[Dataset excerpts]
^^^^^^^^

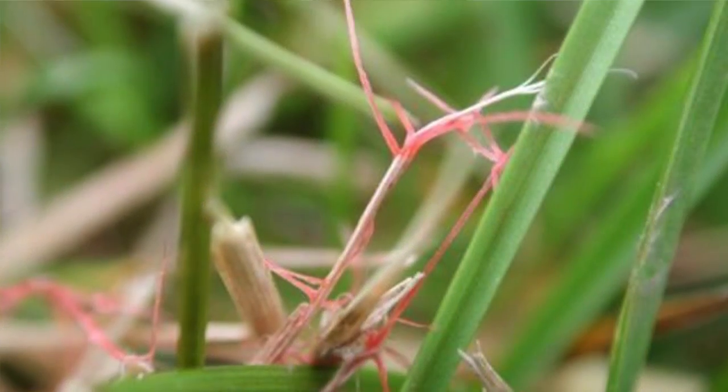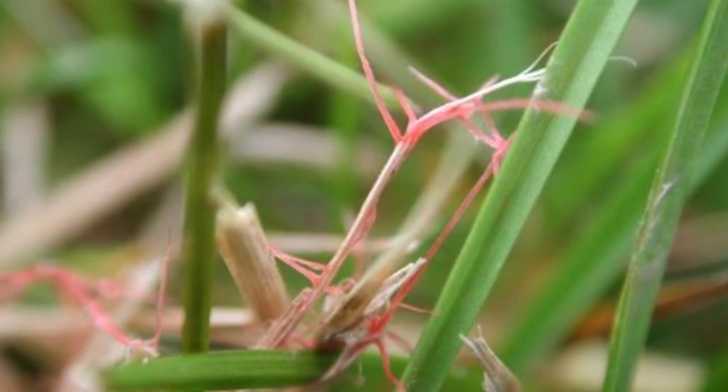Red thread we're also seeing on high-cut turf. We've gotten a number of samples, especially on ryegrass and those susceptible varieties. As far as general lawn care, a couple things to keep in mind — of course, mowing. If we have warmer temperatures, it's really hard to keep up. We realize that. Do the best job you can with a sharp blade and at least a high mowing height.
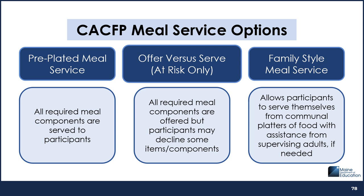Some at-risk after-school program operators use Offer vs. Serve, or OVS, meal service because it allows participants to decline some of the food items or meal components offered in a reimbursable breakfast, lunch, or supper. OVS is optional in the CACFP and is only allowed for at-risk after-school programs. Sponsors or independent centers that choose to use OVS must notify the CACFP's state office. This type of meal service may help reduce food waste and gives participants more control over their food choices.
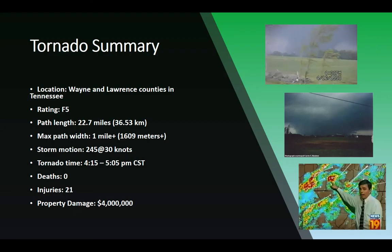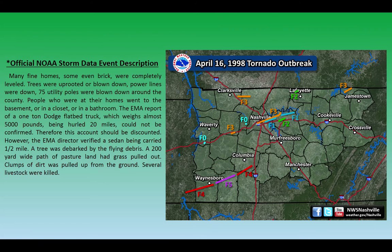This particular tornado occurred on April 16th, 1998, between about 4 and 5 p.m. in Wayne and Lawrence counties in Tennessee. The rating was F5. The path length was 22.7 miles, at most just over a mile wide. Storm motion was from 245 degrees at 30 knots, and the tornado time was from 4:15 to 5:05 p.m. Central Standard Time. Amazingly, it did not kill anyone, produced 21 injuries, and property damage was around four million dollars.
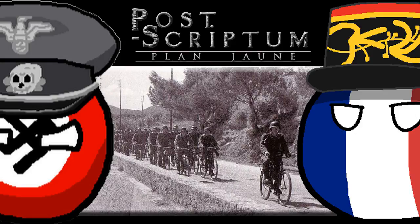První epizoda Cesta Tour de France. Mapa, která bude dostupná, je Dinant.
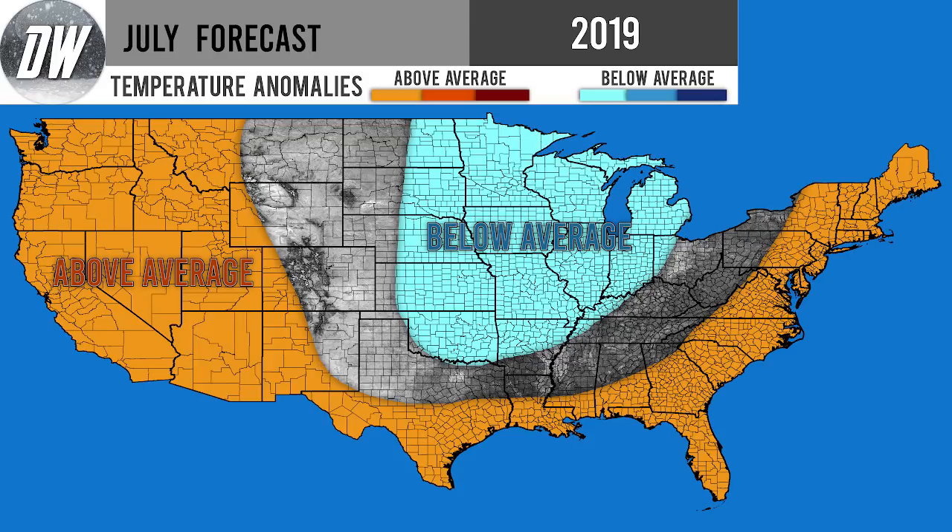Now we're going to see below average temperatures for Oklahoma up through the Dakotas, Minnesota, and some of the Great Lakes states — Wisconsin and Michigan included. That's our first shade of blue, so that's a slight chance at that temperature anomaly. We're not too confident in how below average it's going to be, but we are pretty confident in this horseshoe shape. This does look a lot like June, and we do see back-to-back patterns like this happen quite a bit.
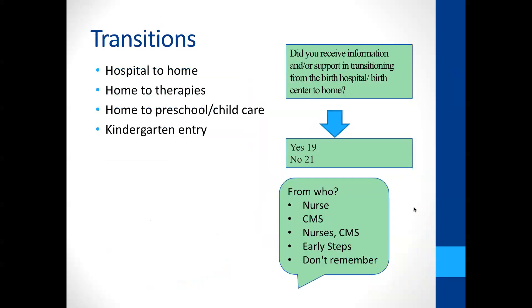We also ask about transitions — care coordination helps when transitioning from hospital to home, from one provider to another, and from one system to another, such as from early intervention birth-to-three to a special education system separate from medical care. These are big shifts, so transition planning and support is a family-centered practice that I think is under-resourced and probably underutilized.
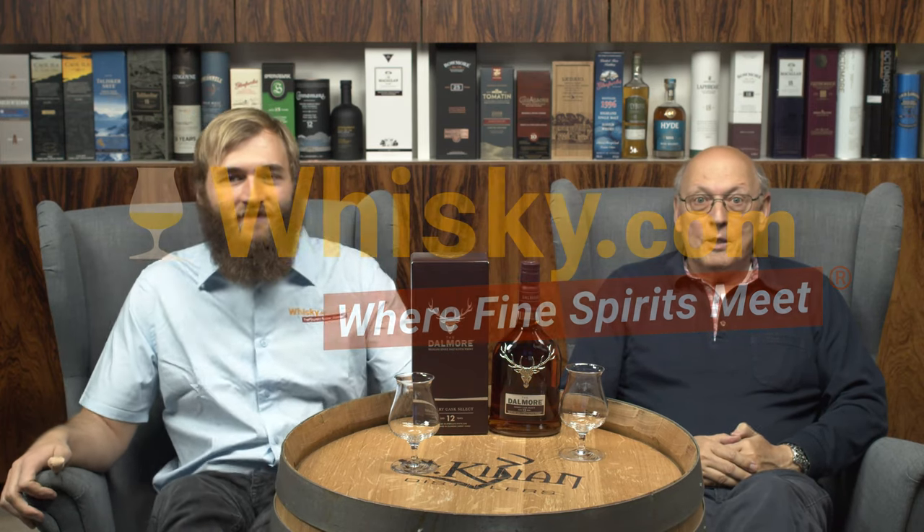Welcome to whisky.com where fine spirits meet. My name is Horst Lüning, this is my son Ben, and today we have a new Dalmore here. It looks like you know the 12 year old, but it's a little bit different. This is a new standard edition — not limited — the 12 year old standard edition with Sherry Cask Select.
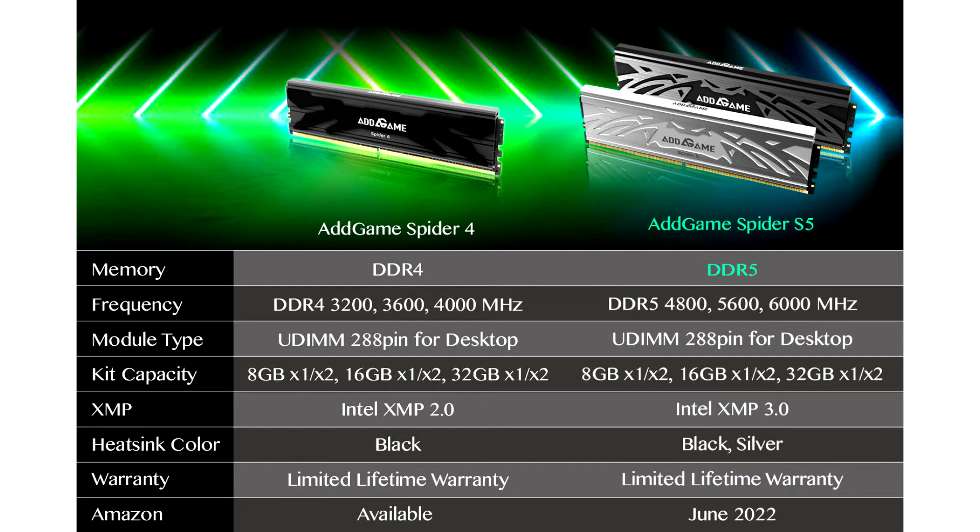The AdGame Spider S5 is built with selected DDR5X chips, tested under the most stringent conditions. It is covered with pure high-quality aluminium heat spreaders that can reduce heat effectively to avoid instability and overheating.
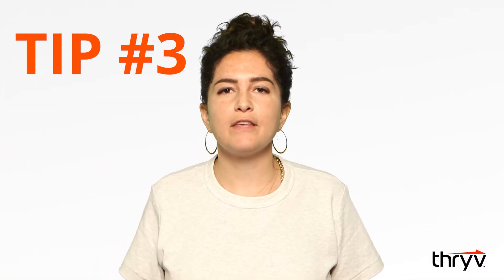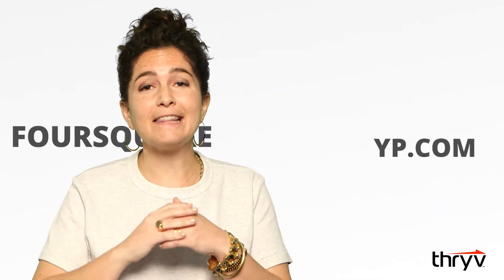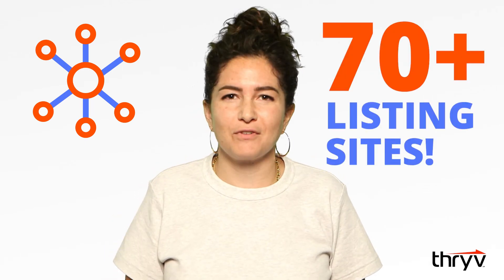And number three is making sure that you have consistent information across all the listing sites that are out there. There are actually a lot of listing sites and it's pretty hard to control your information on all of them — it takes a long time to find each one and manually update it. Something you can do to gain control of that information across all of those sites is use a tool like Thrive, because in one place, one system, one software, you can put your business information and have it sent across 70 plus different listing sites.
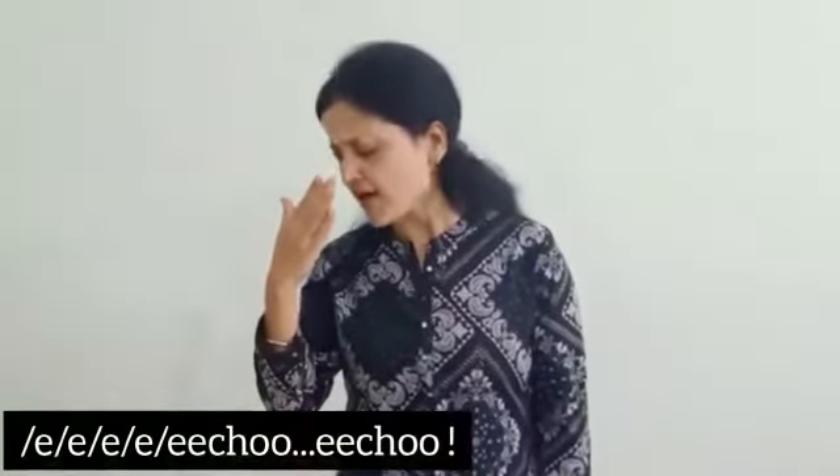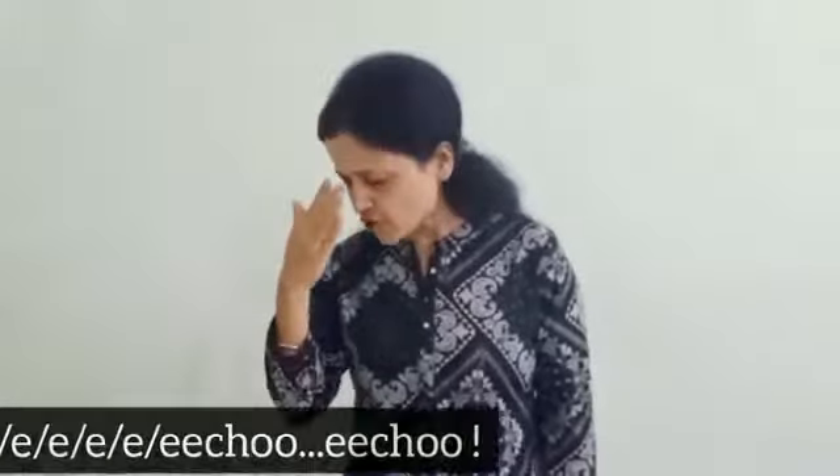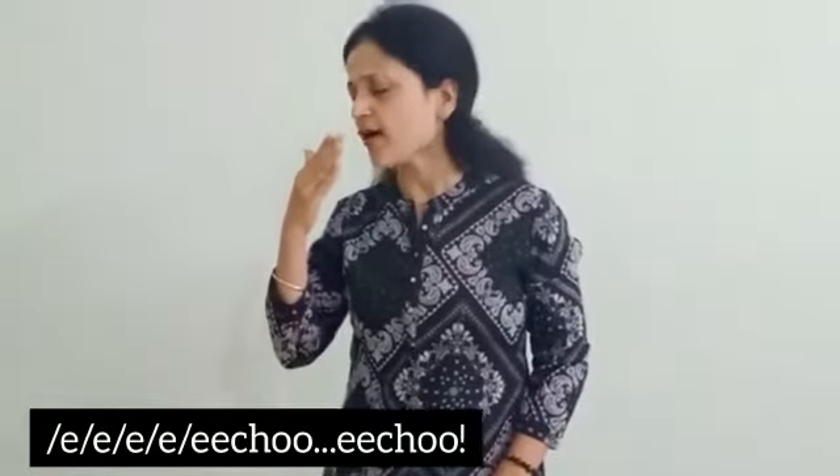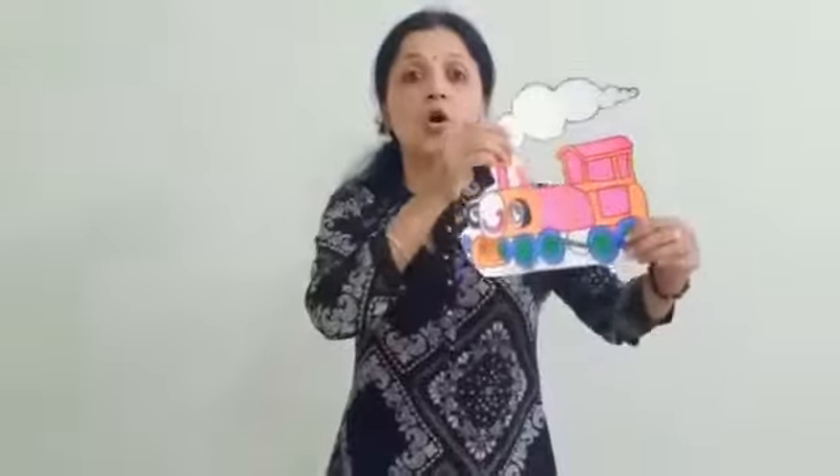Emma said, try again, Ellie. Ellie, the elephant, tried to sneeze again. The whole engine went shoop!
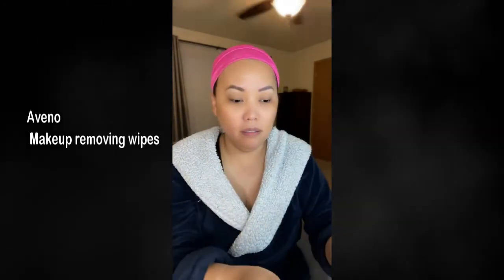Look at how dirty that is! And then I'm still going to use this as a follow-up. You don't actually have to wash your face, but when I'm lazy I just use this without washing my face. For the most part though, I still wash my face. At the same time I'm doing this, I'm also massaging my face.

^^^^^^^^

* WORK TO COMPLETE
Print from the line containing "První epizoda Cesta" through the line containing "Now we're going" in the data above, exactly as the lines stand, and omit every picture.

* TASK OUTPUT
První epizoda Cesta Tour de France. Mapa, která bude dostupná, je Dinant.
Now we're going to see below average temperatures for Oklahoma up through the Dakotas, Minnesota, and some of the Great Lakes states — Wisconsin and Michigan included. That's our first shade of blue, so that's a slight chance at that temperature anomaly. We're not too confident in how below average it's going to be, but we are pretty confident in this horseshoe shape. This does look a lot like June, and we do see back-to-back patterns like this happen quite a bit.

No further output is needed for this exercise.